RGW versioned bucket index issues

Cory Snyder <csnyder@xxxxxxxxxxxxxxx> · Wed, 31 May 2023 10:16:20 +0000

Hi all,

I wanted to call attention to some RGW issues that we've observed on a
Pacific cluster over the past several weeks. The problems relate to versioned
buckets and index entries that can be left behind after transactions complete
abnormally. The scenario is multi-faceted and we're still investigating some of
the details, but I wanted to provide a big-picture summary of what we've found
so far. It looks like most of these issues should be reproducible on versions
before and after Pacific as well. I'll enumerate the individual issues below:

1. PUT requests during reshard of versioned bucket fail with 404 and leave
   behind dark data

   Tracker: https://tracker.ceph.com/issues/61359

2. When bucket index ops are cancelled it can leave behind zombie index entries

   This one was merged a few months ago and did make the v16.2.13 release, but
   in our case we had billions of extra index entries by the time that we had
   upgraded to the patched version.

   Tracker: https://tracker.ceph.com/issues/58673

3. Issuing a delete for a key that already has a delete marker as the current
   version leaves behind index entries and OLH objects

   Note that the tracker's original description describes the problem a bit
   differently, but I've clarified the nature of the issue in a comment.

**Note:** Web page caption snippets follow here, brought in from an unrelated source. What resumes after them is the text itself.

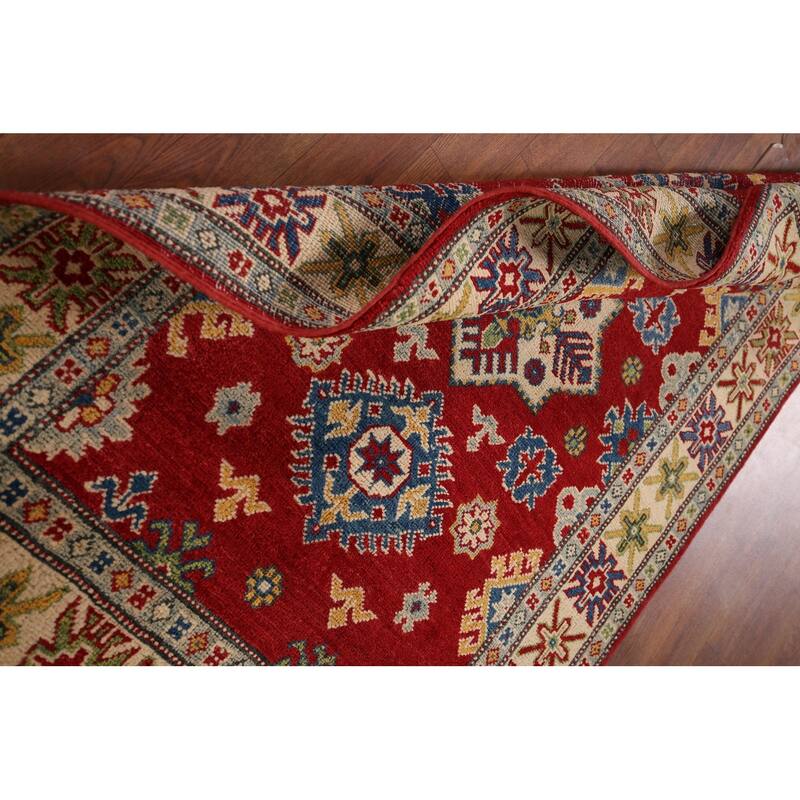 Red Traditional Geometric Kazak Accent Rug Hand-Knotted Wool Carpet - 3'1" x 5'0"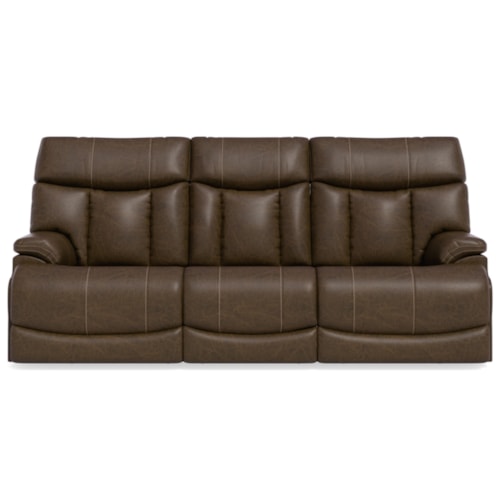 Casual Power Reclining Sofa with Power Headrest and Lumbar
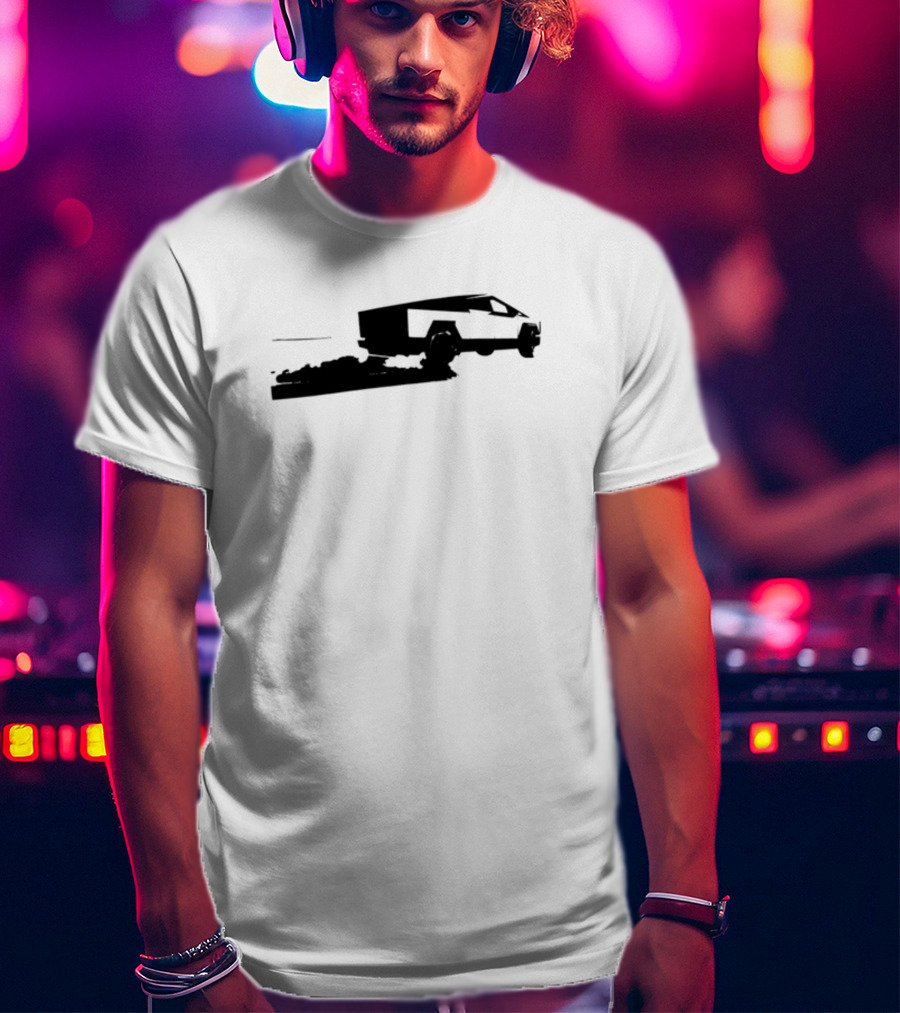 Cybertruck Foundation Monochrome Outline Futuristic Vehicle T-Shirt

   Tracker: https://tracker.ceph.com/issues/59663

The extra index entries and OLH objects that are left behind due to these sorts
of issues are obviously annoying in regards to the fact that they unnecessarily
consume space, but we've found that they can also cause severe performance
degradation for bucket listings, lifecycle processing, and other ops indirectly
due to higher osd latencies.

The reason for the performance impact is that bucket listing calls must
repeatedly perform additional OSD ops until they find the requisite number
of entries to return. The OSD cls method for bucket listing also does its own
internal iteration for the same purpose. Since these entries are invalid, they
are skipped. In the case that we observed, where some of our bucket indexes were
filled with a sea of contiguous leftover entries, the process of continually
iterating over and skipping invalid entries caused enormous read amplification.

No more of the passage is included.